__Directions__
Of the material below, only the lines from the line containing "Used 2023 Audi Q7 45 Premium SUV" down to the line containing "Prefeitura de Floriano" belong in the answer, written out exactly.

__Available data__
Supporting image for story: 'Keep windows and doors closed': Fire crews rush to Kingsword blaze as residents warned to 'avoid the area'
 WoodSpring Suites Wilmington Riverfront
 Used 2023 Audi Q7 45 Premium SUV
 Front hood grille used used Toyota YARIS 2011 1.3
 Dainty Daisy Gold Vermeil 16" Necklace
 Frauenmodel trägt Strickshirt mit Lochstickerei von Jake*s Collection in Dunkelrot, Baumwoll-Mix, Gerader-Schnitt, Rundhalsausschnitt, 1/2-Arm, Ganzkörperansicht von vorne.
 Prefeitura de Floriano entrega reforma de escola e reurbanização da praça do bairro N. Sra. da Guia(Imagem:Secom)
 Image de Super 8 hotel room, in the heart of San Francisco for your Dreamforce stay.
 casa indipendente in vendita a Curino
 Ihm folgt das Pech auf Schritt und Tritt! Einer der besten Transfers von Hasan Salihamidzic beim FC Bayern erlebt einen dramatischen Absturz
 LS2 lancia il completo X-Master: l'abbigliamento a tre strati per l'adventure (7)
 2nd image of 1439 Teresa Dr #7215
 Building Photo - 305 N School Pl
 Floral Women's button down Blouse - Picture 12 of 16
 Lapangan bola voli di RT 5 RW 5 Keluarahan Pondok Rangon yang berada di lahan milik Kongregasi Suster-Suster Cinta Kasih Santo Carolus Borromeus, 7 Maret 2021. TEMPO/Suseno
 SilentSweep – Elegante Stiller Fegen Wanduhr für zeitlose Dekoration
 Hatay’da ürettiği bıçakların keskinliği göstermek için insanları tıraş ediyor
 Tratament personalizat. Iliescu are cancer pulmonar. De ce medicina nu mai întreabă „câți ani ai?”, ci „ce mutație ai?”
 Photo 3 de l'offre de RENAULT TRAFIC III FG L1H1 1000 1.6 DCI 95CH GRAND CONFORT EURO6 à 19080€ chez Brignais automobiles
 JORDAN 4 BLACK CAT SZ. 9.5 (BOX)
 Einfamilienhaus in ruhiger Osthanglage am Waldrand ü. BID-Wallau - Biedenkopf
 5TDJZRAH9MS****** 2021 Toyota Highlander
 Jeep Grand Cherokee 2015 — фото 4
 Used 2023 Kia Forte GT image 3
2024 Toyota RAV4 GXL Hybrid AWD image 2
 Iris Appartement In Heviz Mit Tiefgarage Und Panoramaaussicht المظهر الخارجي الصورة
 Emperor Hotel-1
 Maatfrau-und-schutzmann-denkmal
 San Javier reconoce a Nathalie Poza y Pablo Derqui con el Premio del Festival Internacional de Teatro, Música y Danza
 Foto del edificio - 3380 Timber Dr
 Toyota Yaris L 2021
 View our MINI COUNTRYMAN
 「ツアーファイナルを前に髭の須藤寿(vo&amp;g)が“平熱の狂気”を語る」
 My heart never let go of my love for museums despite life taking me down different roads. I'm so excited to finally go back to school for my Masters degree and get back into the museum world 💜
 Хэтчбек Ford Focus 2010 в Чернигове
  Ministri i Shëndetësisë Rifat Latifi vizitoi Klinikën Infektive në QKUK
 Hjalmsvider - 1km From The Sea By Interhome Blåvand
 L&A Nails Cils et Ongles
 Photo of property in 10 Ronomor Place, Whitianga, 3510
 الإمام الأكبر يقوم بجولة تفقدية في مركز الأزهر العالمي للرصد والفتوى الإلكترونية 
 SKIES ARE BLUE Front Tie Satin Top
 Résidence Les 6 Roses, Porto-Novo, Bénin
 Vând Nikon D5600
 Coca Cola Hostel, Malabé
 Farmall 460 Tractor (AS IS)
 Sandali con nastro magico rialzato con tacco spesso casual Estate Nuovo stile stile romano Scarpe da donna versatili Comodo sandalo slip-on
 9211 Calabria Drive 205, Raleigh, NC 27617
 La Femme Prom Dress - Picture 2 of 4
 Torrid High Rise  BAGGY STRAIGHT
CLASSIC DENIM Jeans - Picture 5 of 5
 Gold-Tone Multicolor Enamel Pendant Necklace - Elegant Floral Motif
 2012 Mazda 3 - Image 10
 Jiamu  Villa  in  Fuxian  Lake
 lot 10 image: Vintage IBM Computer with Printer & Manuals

__Response to this task__
 Used 2023 Audi Q7 45 Premium SUV
 Front hood grille used used Toyota YARIS 2011 1.3
 Dainty Daisy Gold Vermeil 16" Necklace
 Frauenmodel trägt Strickshirt mit Lochstickerei von Jake*s Collection in Dunkelrot, Baumwoll-Mix, Gerader-Schnitt, Rundhalsausschnitt, 1/2-Arm, Ganzkörperansicht von vorne.
 Prefeitura de Floriano entrega reforma de escola e reurbanização da praça do bairro N. Sra. da Guia(Imagem:Secom)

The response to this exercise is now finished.